Monday, November 14, 2016



Fluctuating food prices are changing how Canadians shop for groceries


The findings were called surprising by lead researcher Sylvain Charlebois, dean of the faculty of management at Dalhousie University in Halifax.
The analysis surveyed more than 1,000 adults in Canada online between Oct. 8 and Oct. 31 to determine if price swings prompted shoppers to rethink how they choose pantry staples.
Charlebois said it’s significant that 24.3 per cent of the respondents were concerned about food security for their families.
Notably, lower-earning, less-educated women were likely to worry more over the past year, the survey found. Households with dependants were also more likely to feel less food secure than a year ago.
“Vulnerability will have an impact on behaviour,” said Charlebois.

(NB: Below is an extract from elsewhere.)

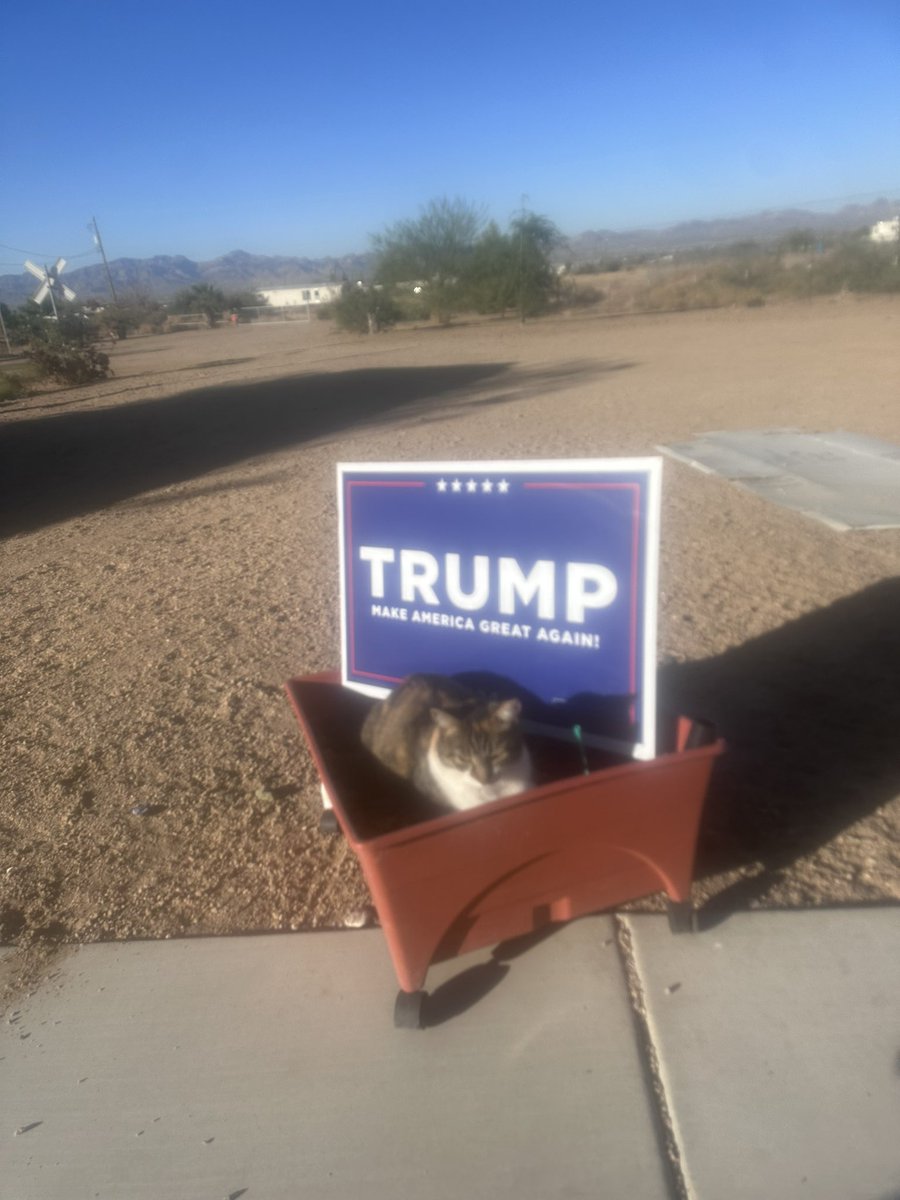 here's a Pussy that no's he's the man this country needs,not a  jocker who's  joy is putting you in harms way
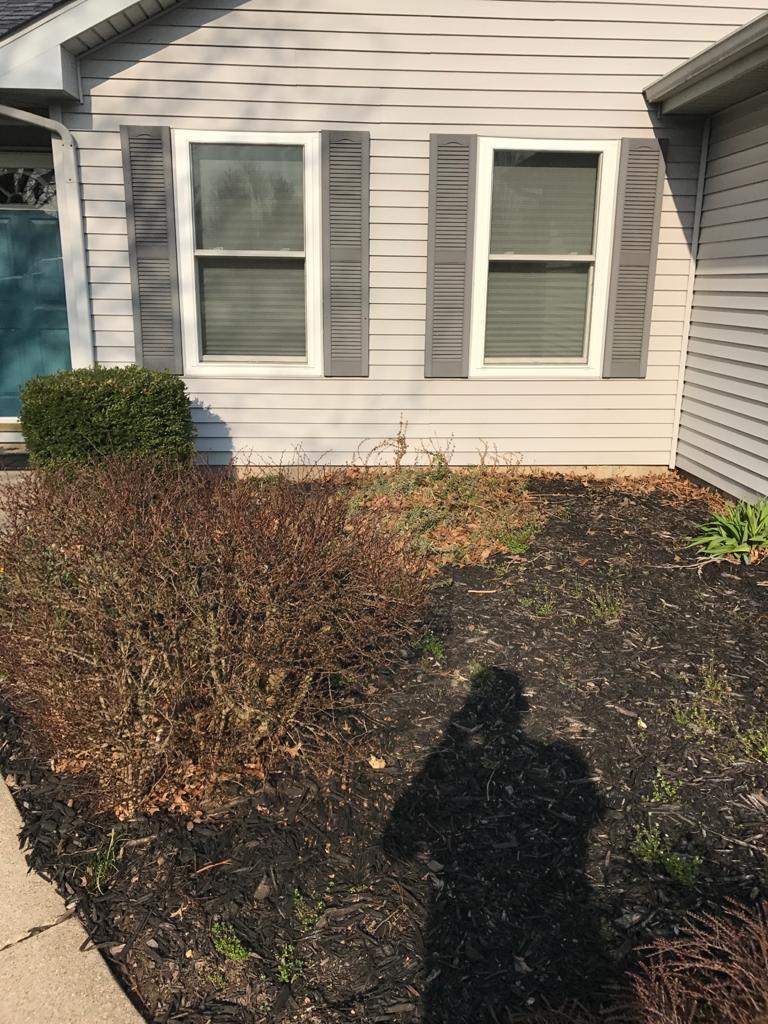 Mulch installation before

He said it’s been a unique year for food prices, in which food inflation rates started above normal before entering into a period of deflation. In September, for example, the fresh vegetable index – a selection of produce that Statistics Canada tracks the price of monthly – was down year-over-year for the first time since January 2013.
Charlebois, who is currently working on the annual food price report in conjunction with the University of Guelph’s Food Institute, said meat and produce have seen large shifts in price, while dairy has seen more fluctuation than usual as well.
His survey found that more than 53 per cent of respondents said they had changed the way they shopped for groceries over the past 12 months because of fluctuations in the price of food.
More than half of respondents also said they’ve looked for deals on groceries (59.5 per cent), stocked up on sale items (56.9 per cent) and planned their purchases before going into the store (50.9 per cent) as a result of increasing food prices. About 41 per cent said they were finding alternatives to foods they would typically buy that were suddenly too expensive.
A different survey Charlebois and other researchers conducted earlier this year found some Canadians were substituting frozen produce and juice for expensive fruit and vegetables.
The polling industry’s professional body, the Marketing Research and Intelligence Association, says online surveys cannot be assigned a margin of error because they do not randomly sample the population.